For instance, suppose your sales managers often work remotely via VPN. However, VPN makes processes very slow, so occasionally they opt for third-party solutions like Dropbox or Google Drive instead. Working with confidential partner and customer data through these means puts that data at risk, because you have no control over activity around it and might miss potentially harmful actions that could lead to a breach. You estimate the cost of such an incident to be X millions of dollars, noting that that figure includes just detection, investigation and regulatory fines, and not the negative public sentiment, downtime and legal costs that the company could also incur.

Step 3: Offer a solution and highlight benefits

 Provide a clear, actionable plan for how you are going to use the budget you request to reduce the IT risks you identified to a level acceptable to the business. This plan must include resources (people, technologies, etc.), deadlines and a detailed budget that says how much money will be spent on what.

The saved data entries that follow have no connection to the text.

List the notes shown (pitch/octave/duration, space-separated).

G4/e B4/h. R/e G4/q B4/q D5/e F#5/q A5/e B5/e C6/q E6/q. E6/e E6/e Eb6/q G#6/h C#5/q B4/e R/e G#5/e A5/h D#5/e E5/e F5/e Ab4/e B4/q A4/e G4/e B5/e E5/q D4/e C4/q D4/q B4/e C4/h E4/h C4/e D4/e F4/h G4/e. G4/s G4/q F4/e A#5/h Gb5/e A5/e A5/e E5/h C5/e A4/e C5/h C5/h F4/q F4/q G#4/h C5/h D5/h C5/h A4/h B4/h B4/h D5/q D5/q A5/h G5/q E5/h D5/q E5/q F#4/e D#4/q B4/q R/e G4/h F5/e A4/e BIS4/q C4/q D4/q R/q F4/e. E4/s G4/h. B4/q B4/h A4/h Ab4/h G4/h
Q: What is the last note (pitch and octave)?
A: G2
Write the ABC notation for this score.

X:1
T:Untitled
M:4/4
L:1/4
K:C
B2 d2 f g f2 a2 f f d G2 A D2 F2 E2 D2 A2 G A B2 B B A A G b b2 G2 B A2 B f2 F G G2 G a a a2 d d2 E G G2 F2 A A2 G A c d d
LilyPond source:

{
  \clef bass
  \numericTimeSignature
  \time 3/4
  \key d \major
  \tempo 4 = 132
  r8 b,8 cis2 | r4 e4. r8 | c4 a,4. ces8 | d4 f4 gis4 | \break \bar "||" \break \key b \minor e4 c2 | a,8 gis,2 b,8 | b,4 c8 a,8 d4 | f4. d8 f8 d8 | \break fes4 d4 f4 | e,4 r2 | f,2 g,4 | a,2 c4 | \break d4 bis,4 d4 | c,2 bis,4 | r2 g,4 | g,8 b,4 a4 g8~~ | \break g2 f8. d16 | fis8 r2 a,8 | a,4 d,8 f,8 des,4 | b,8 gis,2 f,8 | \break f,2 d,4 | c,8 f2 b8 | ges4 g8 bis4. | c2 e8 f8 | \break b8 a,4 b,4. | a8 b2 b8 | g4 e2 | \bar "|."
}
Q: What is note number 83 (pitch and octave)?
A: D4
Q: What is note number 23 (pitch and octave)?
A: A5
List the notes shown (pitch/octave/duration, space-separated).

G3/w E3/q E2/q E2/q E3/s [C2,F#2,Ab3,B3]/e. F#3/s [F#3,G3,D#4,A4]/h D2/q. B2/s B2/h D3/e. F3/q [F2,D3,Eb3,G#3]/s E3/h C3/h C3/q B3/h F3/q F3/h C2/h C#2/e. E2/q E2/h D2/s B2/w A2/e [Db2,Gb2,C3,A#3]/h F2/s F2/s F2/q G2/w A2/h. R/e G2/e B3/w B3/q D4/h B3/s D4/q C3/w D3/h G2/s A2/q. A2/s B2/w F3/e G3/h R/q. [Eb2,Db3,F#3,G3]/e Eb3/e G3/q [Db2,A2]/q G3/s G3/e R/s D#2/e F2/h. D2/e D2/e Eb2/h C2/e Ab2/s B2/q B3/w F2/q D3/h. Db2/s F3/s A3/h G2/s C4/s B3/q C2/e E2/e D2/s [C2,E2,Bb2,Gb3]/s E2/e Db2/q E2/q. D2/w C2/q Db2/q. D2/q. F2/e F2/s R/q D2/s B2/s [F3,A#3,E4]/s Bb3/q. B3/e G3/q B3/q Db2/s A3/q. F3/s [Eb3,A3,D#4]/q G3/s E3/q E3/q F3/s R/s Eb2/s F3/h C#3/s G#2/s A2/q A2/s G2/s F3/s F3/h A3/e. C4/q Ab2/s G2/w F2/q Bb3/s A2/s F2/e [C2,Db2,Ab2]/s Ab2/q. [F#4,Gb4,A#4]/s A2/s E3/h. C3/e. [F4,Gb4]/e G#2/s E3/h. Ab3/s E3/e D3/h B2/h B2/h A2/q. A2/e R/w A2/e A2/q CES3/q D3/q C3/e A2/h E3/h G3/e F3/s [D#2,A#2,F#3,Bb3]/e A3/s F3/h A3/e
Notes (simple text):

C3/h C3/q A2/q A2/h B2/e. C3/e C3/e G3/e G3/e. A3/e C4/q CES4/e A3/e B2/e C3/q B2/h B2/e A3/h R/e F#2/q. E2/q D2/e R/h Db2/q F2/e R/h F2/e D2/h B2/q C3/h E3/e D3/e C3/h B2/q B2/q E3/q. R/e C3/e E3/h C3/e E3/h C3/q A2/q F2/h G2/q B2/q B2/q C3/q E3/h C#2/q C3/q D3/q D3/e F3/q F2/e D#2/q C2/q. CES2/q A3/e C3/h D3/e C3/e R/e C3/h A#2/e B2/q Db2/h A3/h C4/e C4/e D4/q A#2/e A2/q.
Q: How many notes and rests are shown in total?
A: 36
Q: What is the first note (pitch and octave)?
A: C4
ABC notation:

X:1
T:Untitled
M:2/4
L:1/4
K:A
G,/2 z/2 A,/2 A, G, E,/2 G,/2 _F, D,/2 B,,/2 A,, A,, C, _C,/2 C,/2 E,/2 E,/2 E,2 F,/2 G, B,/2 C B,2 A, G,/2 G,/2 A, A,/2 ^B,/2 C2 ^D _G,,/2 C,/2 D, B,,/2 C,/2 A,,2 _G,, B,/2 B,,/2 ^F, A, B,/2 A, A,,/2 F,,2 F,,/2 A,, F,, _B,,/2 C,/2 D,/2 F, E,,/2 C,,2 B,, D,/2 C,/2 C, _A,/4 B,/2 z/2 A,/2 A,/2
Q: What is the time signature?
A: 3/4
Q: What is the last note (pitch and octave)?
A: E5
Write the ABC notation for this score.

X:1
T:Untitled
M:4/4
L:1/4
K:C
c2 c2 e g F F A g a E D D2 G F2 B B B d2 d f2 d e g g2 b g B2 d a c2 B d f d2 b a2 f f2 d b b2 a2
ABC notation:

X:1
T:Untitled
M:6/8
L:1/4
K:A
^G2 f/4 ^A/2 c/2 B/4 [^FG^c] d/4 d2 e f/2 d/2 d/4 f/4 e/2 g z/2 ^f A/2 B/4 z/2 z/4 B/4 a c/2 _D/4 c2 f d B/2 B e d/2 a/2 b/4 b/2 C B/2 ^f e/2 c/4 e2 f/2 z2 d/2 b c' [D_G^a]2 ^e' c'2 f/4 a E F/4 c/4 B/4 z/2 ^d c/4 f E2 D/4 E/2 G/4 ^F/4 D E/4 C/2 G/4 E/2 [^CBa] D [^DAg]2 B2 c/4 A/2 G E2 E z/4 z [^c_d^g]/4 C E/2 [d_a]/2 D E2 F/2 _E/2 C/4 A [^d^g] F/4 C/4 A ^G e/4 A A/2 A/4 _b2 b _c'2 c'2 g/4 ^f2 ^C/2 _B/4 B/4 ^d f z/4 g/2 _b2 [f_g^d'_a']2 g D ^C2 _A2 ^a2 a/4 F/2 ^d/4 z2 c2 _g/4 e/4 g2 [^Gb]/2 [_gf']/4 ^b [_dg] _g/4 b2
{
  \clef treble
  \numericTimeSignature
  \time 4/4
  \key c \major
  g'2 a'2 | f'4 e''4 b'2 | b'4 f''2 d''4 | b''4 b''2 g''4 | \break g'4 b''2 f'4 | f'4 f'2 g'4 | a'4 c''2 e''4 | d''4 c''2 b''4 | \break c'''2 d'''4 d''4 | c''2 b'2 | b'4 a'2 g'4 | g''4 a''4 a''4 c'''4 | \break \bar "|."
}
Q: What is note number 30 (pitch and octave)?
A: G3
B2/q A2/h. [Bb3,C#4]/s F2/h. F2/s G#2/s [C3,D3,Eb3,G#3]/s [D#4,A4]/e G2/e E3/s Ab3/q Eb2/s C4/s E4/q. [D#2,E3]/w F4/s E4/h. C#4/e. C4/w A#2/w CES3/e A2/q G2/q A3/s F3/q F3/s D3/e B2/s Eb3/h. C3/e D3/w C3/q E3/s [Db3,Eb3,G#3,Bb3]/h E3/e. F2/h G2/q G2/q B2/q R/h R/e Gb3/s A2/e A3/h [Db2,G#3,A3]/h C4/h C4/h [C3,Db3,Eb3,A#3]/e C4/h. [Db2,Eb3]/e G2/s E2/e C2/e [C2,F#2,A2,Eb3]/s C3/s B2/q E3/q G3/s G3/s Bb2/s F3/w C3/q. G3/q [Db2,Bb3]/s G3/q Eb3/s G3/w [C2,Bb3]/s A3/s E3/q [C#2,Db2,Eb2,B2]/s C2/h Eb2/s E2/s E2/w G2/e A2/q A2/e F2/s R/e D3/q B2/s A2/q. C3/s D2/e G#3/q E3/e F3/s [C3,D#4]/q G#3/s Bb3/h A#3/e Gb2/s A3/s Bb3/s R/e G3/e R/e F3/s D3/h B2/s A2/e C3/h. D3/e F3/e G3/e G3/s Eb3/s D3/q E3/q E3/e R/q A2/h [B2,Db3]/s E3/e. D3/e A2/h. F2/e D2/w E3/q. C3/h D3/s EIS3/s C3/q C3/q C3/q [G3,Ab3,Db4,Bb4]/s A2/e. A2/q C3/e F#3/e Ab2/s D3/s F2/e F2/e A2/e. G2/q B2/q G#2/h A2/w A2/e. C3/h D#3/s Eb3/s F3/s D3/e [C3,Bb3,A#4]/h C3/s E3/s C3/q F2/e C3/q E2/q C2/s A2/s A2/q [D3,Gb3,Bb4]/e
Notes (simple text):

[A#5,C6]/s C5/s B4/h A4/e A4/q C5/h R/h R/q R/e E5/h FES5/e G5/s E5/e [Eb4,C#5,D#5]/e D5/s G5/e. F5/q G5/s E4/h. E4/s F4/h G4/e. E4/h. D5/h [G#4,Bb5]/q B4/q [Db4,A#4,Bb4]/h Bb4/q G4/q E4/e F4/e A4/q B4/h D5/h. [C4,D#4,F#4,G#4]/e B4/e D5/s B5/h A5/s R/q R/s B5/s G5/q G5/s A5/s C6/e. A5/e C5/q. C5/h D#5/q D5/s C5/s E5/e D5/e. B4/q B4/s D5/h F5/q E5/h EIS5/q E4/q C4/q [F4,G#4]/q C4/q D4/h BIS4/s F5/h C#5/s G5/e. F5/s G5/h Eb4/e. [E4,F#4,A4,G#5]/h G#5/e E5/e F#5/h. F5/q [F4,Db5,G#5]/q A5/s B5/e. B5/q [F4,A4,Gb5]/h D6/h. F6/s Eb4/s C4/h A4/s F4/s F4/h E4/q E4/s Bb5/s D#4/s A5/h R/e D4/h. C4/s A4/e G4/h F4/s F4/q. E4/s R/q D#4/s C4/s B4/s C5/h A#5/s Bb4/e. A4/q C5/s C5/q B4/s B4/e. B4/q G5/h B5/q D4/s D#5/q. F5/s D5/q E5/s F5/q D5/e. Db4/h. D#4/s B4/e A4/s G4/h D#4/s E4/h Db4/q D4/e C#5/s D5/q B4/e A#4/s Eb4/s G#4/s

To support your argument, you should estimate the expected return on security investment (ROSI) for your planned investments in order to prove their effectiveness in balancing risk and cost. You can base this calculation on direct prevention of financial losses, as we just discussed. The best way is to use the SANS Institute’s quantitative risk analysis formula. It estimates ROSI by quantifying how well the solution mitigates the risks it is intended to address and how much money can be saved due to the reduced risk exposure. Even if the estimate isn’t completely accurate, using the same scoring algorithm over time is a good way to compare the return on your security projects.

Apart from underlining the losses the company might avoid, it is great if you can translate the value that your security project can bring to the business.  In other words, try to present your budget requests to the board as opportunities for assisting in meeting their business objectives, such as reducing costs, increasing revenue or increasing the company’s value on the market. If you can calculate these values in numbers, your case will be even stronger.

Let’s go back to my previous example. To reduce the risk posed to the confidential data caused by sales managers bypassing the VPN and using Dropbox, you propose moving the data to a cloud repository and deploying a cloud access security broker (CASB) solution. The CASB will help you ensure that traffic between your environment and the cloud provider’s complies with your security policies. If your executives agree to invest in this solution, you will reduce the risk of monetary loss from a breach, which you estimate at $X, based on your previous estimate of the cost of a data breach and your ROSI calculation. To put the icing on the cake, you can enumerate the following additional benefits:

  • Users will be able to access cloud services seamlessly and do their job more efficiently.
  • The compliance team will have full control over activity in the cloud, so your company will stay compliant. Moreover, audit preparation and audits themselves will take far less time, so there will be no need to hire additional employees to help with those tasks.
  • By having a centralized view of cloud services, the IT department might be able detect services that are rarely or never used and cancel them to reduce costs.

These benefits will make your pitch unbearably good.

Arguing for investments in security projects is quite a challenge. Executives will not be swayed by vague promises or crystal ball predictions; you need to provide hard data that illuminates how a fortified security posture can help the business prosper. Plus, you must understand the market and your organization’s objectives very well, because it will help you identify the most business-critical risks and better articulate benefits that your board cares about.